Rojas has been coaching and managing in the Mets organization since 2006. He interviewed for New York’s managerial vacancy after the team fired Mickey Callaway in October, but Beltran got the job.
“I think the stuff that happened with Carlos is very unfortunate,” said Alonso, who also appeared at the fan convention on Saturday. “He’s very knowledgeable about the game, but I think Luis is gonna do an absolutely excellent job.’’
Alonso, who led the major leagues in home runs with 53 in 2019 to break the rookie mark set by Aaron Judge (52) of the New York Yankees two years ago, also played for Rojas in the minors at Double-A Binghamton in 2017 and 2018.
“The dude never loses his cool,’’ said Alonso, an All-Star first baseman in 2019 who went on to bat .260 with 30 doubles and 120 RBIs. “He never hits the panic button. He’s always so prepared. He doesn’t just use his knowledge of the game, he uses his instincts very, very well.
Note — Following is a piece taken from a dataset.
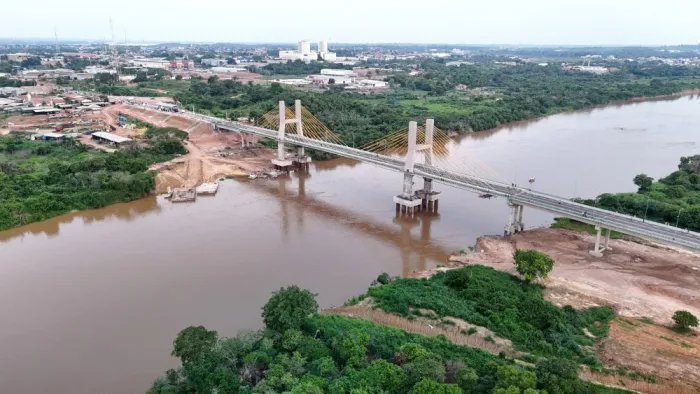Obras: Sevop esclarece sobre rachadura no asfalto da ponte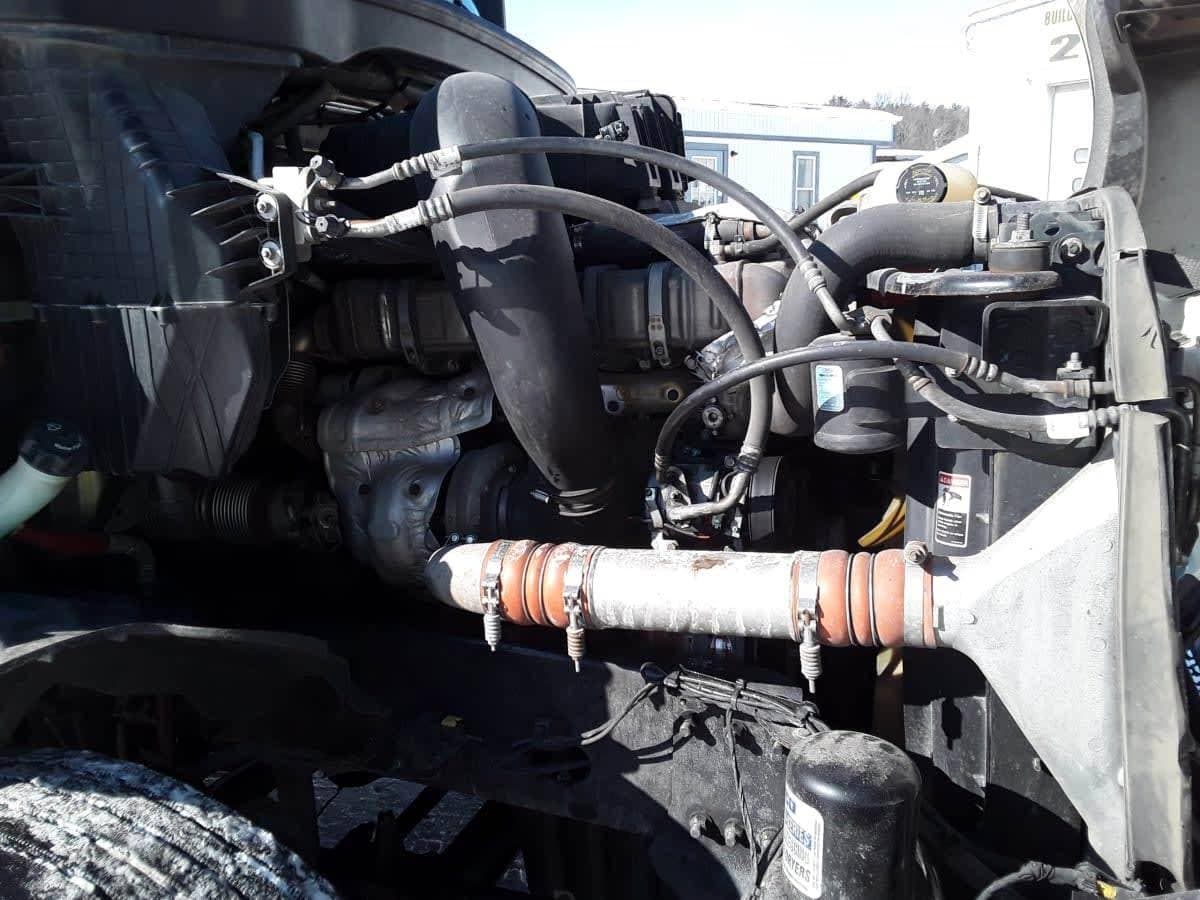 2020 Freightliner Cascadia 126 Sleeper Semi Truck - 72" Condo Sleeper, 455HP, 10 Speed Manual image 13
He’s paid his dues managing in the minor leagues, he’s paid his dues managing in the Dominican .’’
DeGrom, who went 11-8 with a 2.43 ERA in 32 starts, striking out an NL-best 255 in 204 innings for a third-place team in 2019, just wants the Mets to forget about their recent past and concentrate on the future while preparing for another spring training.
“Our main focus is on what we need to do,” he said.